En 2019, le duo de graphite crée l’identité visuelle de Nuit Blanche Mayenne, proposition culturelle qui, commandée par Le Kiosque (Centre d’Action Culturelle Mayenne Communauté) sur le modèle de la Nuit Blanche parisienne, valorise la scène artistique contemporaine en investissant « lieux emblématiques et […] recoins patrimoniaux ». Les affiches, imprimées en argent et blanc sur fond noir, une fois installées en ville sur leurs supports rétroéclairés, changent de physionomie selon si elles sont vues le jour ou la nuit. Si l’ensemble des informations est lisible en journée, dans la nuit, seuls les inscription et motifs laissés en blanc sont visibles. Le graphisme, inspiré par la cartographie de la manifestation, évoque un territoire-événement à travers lequel le public est amené à déambuler. L’année suivante, l’Atelier tout va bien répond de nouveau au Kiosque pour la création de l’identité visuelle de sa saison 2020-2021. Les trois affiches développées rappellent le produit d’un moulage par injection qui évoque la modularité, la variété, la complémentarité et l’autonomie des propositions culturelles du Kiosque.
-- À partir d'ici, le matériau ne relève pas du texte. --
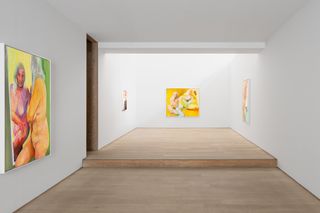Contemporary art exhibition Joan Semmel Continuities at Xavier Hufkens Rivoli Belgium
C’est enfin lors d’une résidence au Centre d’Art contemporain Chanot à Clamart en 2019 que le studio se voir confier le renouvellement de l’identité visuelle du lieu. L’Atelier tout va bien développe un graphisme modulaire, ludique et coloré qui reprend le principe graphique du logo du centre d’art. Il s’inscrit ainsi dans la suite de Côme de Bouchony, Fanette Mellier, Syndicat et l’Atelier Müesli qui tous ont été invités à travailler au CACC.
Le don de L’Atelier tout va bien illustre également certains des travaux du studio pour le secteur privé avec notamment les rapports d’activité 2018 et 2019 de la Fondation d’entreprise Hermès, objets sobres et efficaces, dont les couleurs reprenant celles du logo de la fondation.